_EXERCISE_
Would you copy, word for word, each line from the one with "Square neck embroidered floral dress" to the end of the listing below, skipping all pictures?
▼
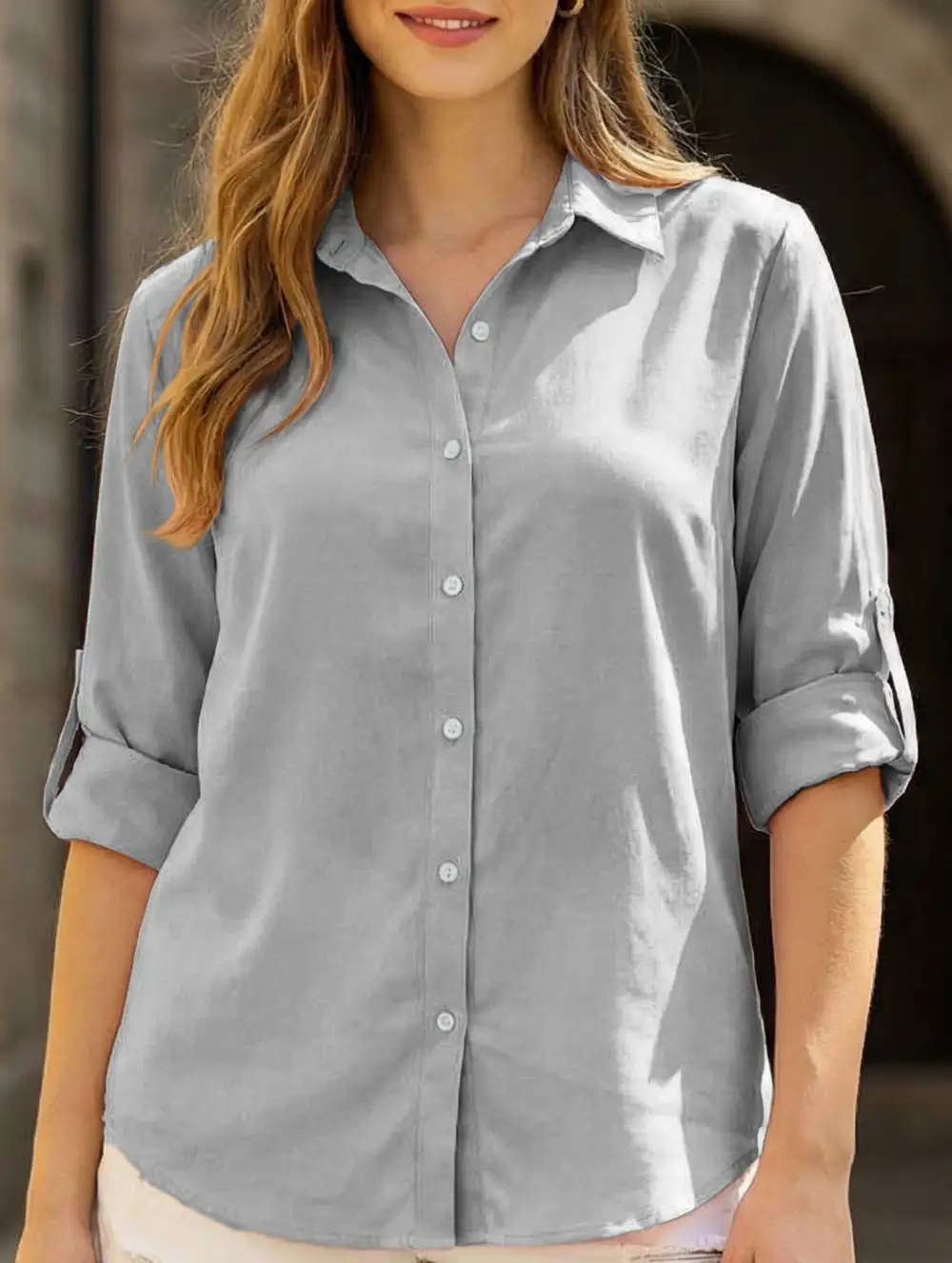 Collared Zip Front Pocket Top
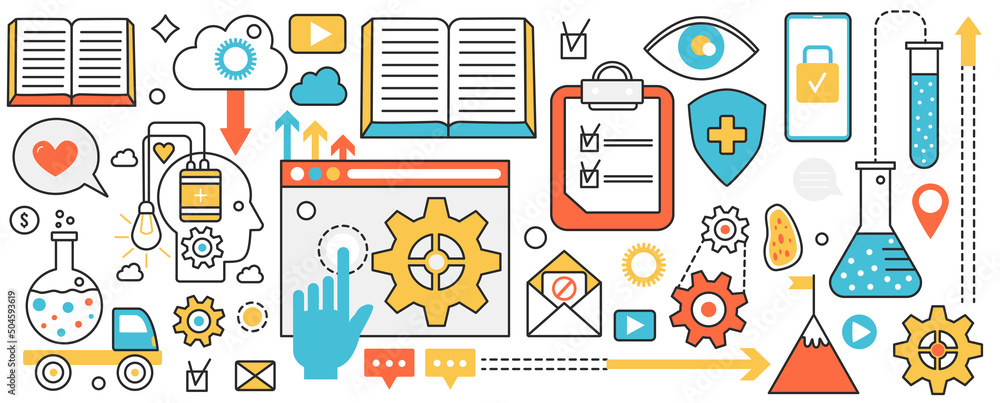 Aufkleber Modern scientific research methods. Abstract digital data analysis, model development and algorithm learning, laboratory equipment and tubes in infographic concept banner, thin line art design
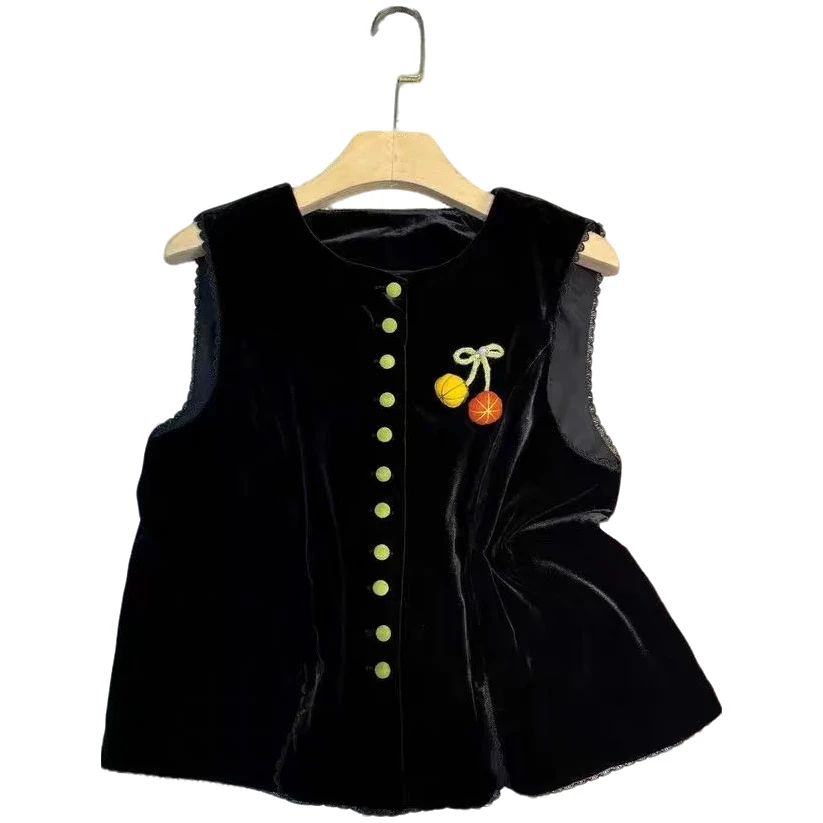 时尚撞色减龄手工南瓜100%桑蚕丝真丝丝绒马甲背心百搭洋气有内衬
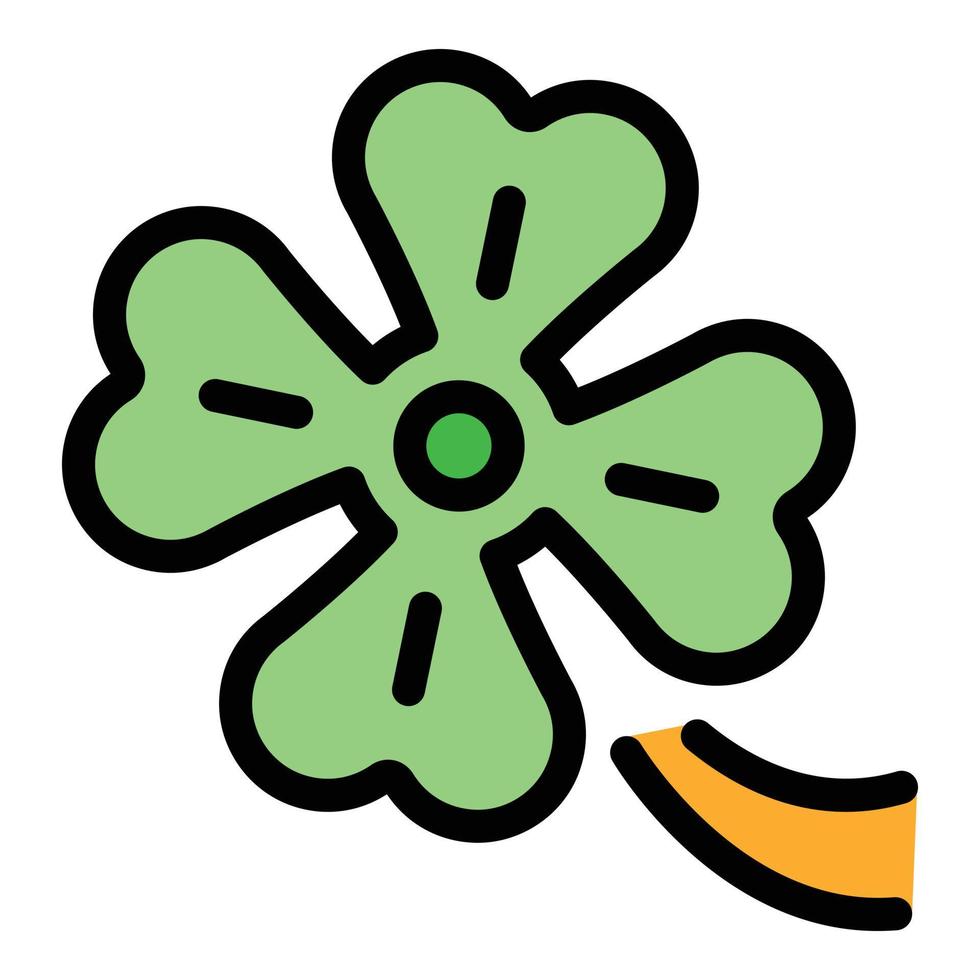 Clover floral icon color outline vector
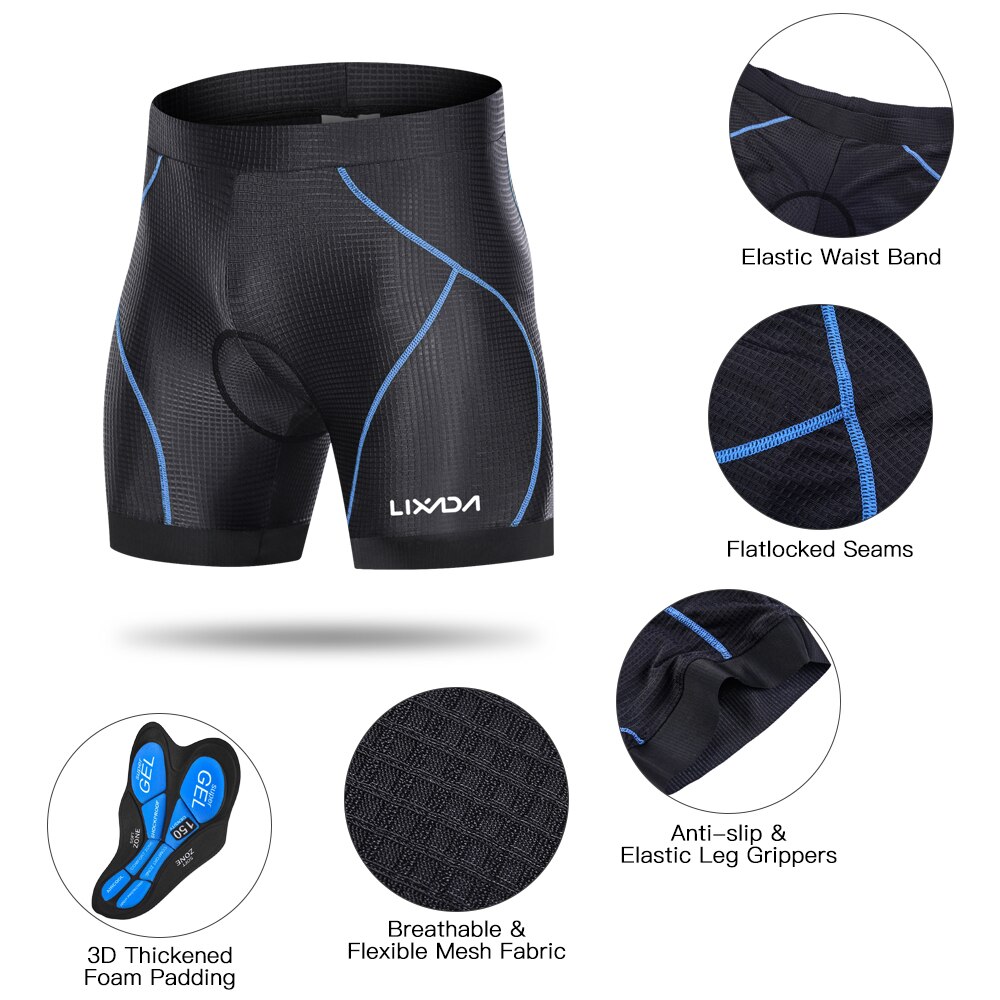 LIXADA Men Bike Padded Shorts with Anti-Slip Leg Grips Cycling 3D Padded Shorts Bicycle Padding Riding Shorts Biking Underwear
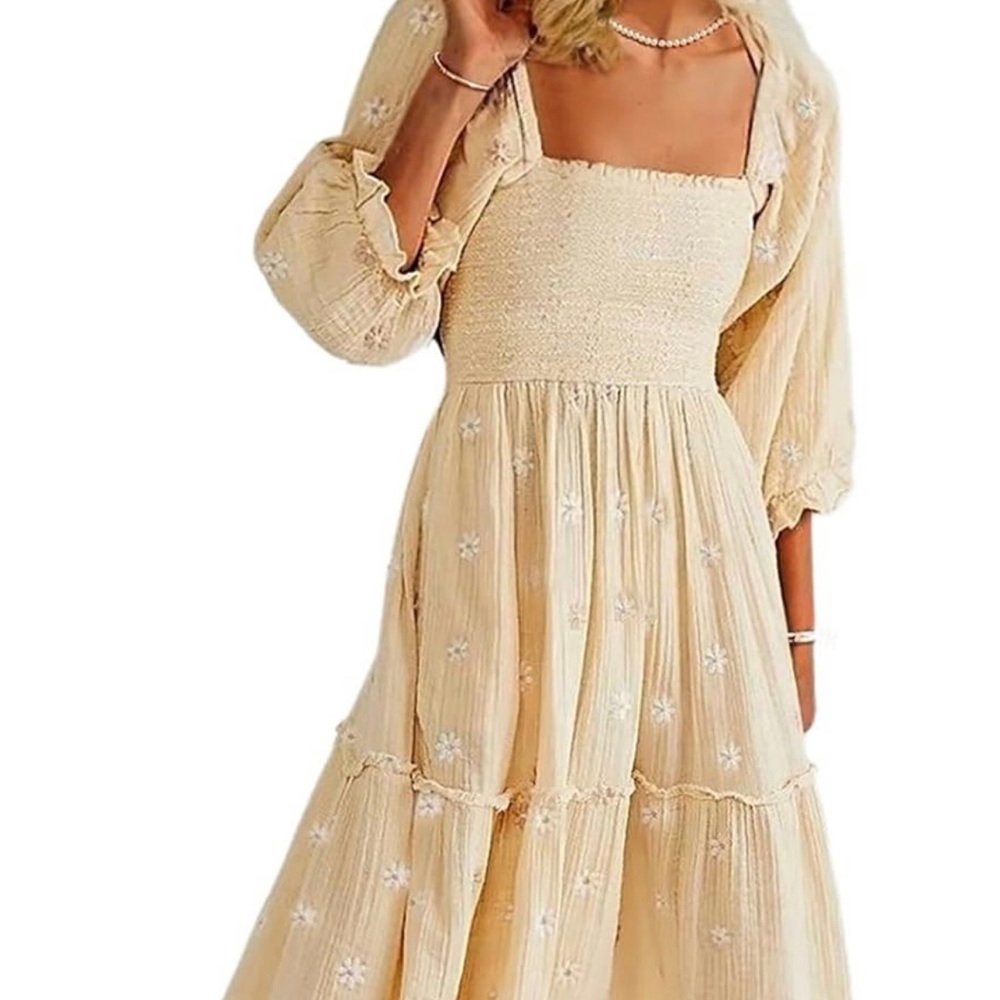 Square neck embroidered floral dress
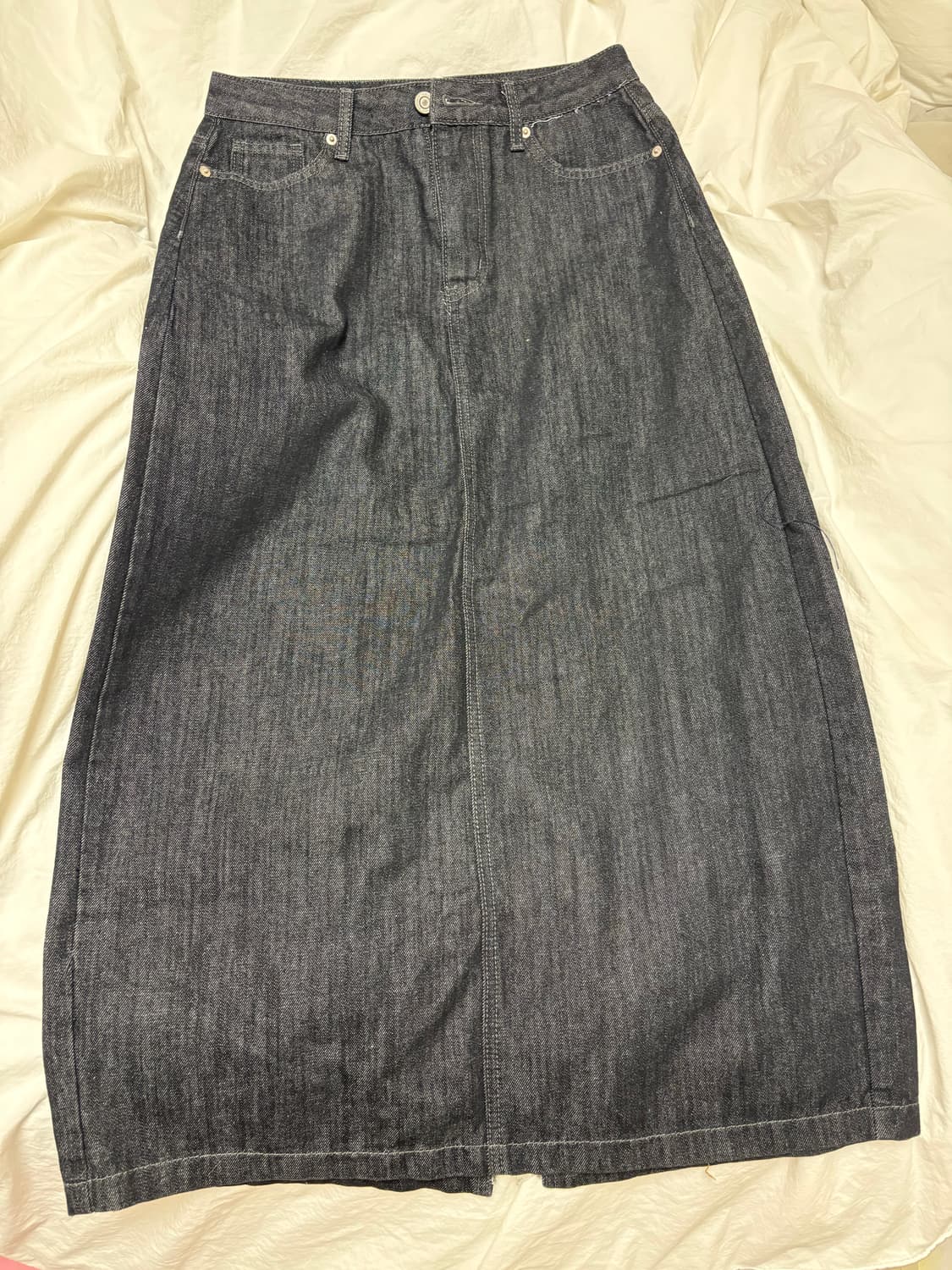 Ordinary Holiday 흑청 데님 롱스커트 상품이미지1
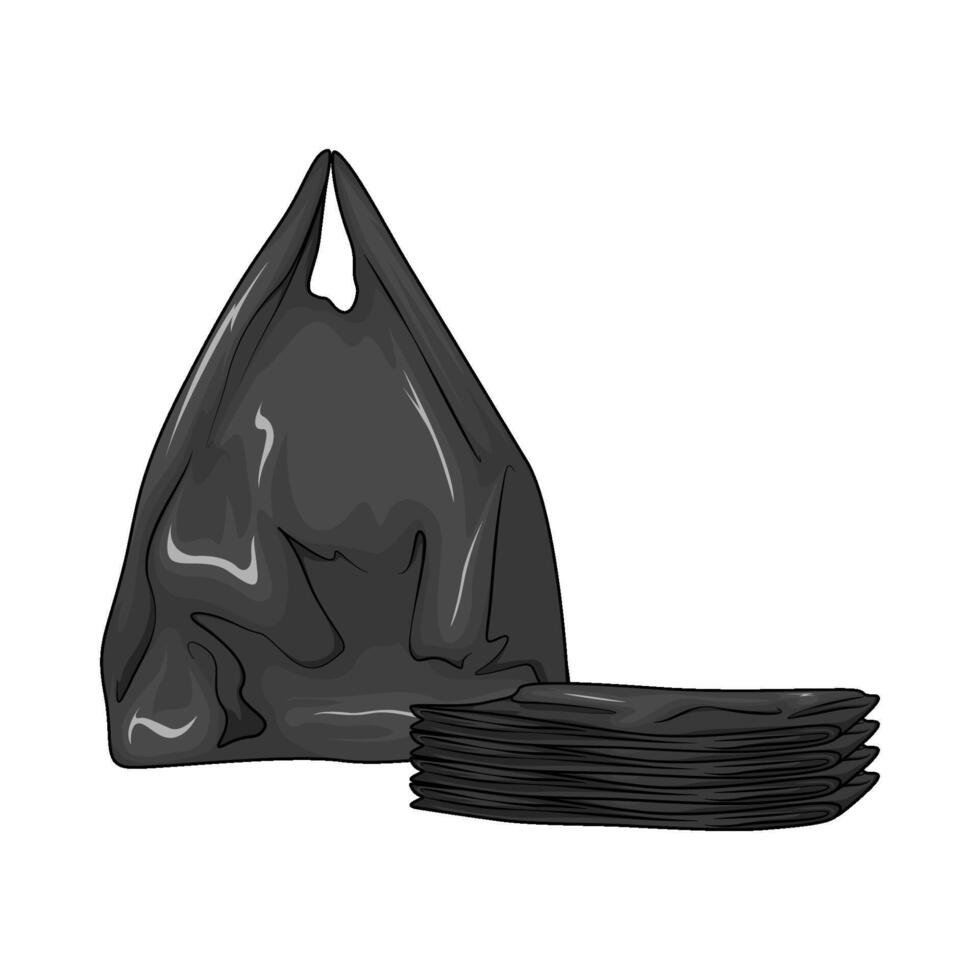 illustration of empty black plastic bag vector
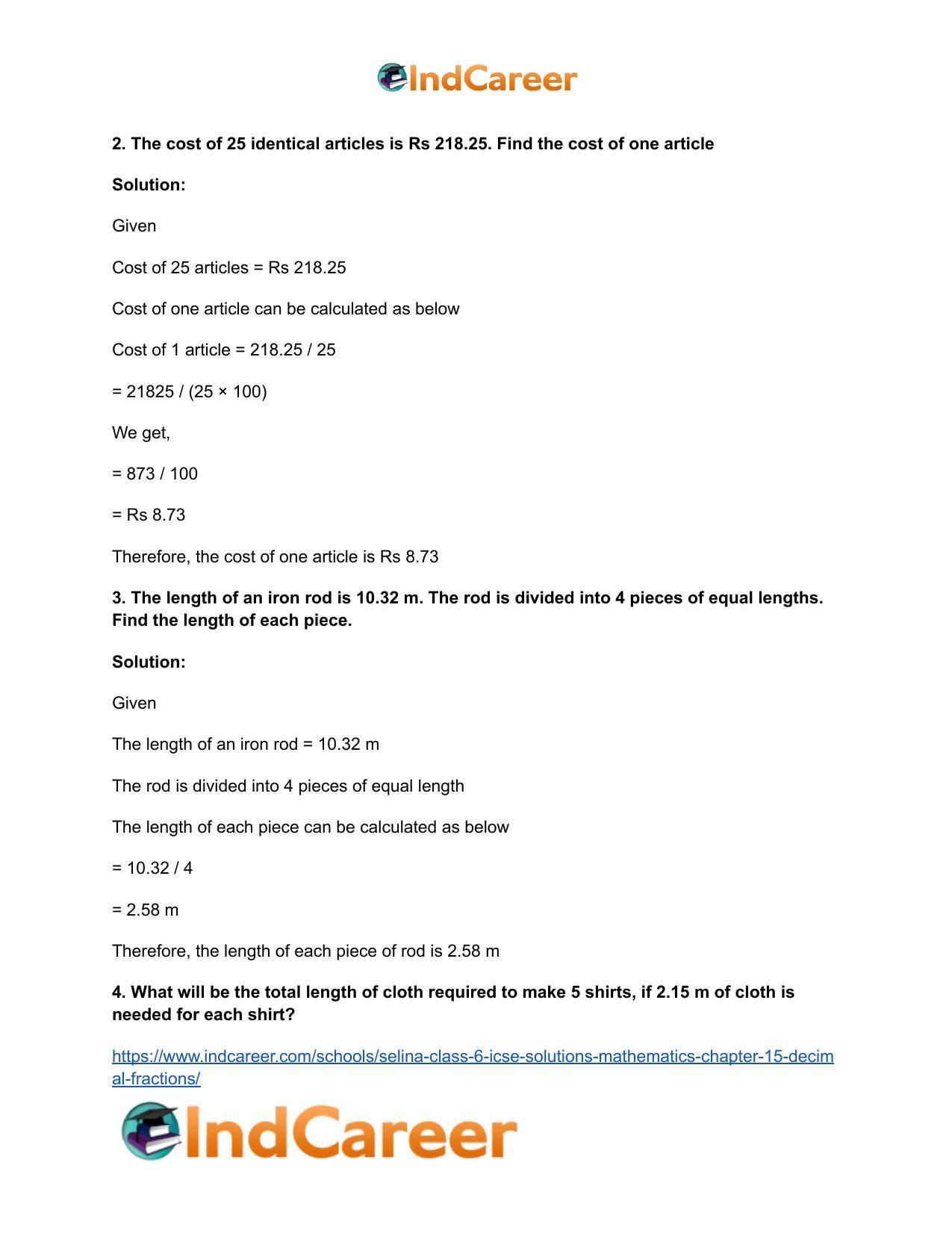 Selina Class 6 ICSE Solutions Mathematics : Chapter 15- Decimal Fractions - Page 59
▲
_SOLUTION TO THIS EXERCISE_
 Square neck embroidered floral dress
 Ordinary Holiday 흑청 데님 롱스커트 상품이미지1
 illustration of empty black plastic bag vector
 Selina Class 6 ICSE Solutions Mathematics : Chapter 15- Decimal Fractions - Page 59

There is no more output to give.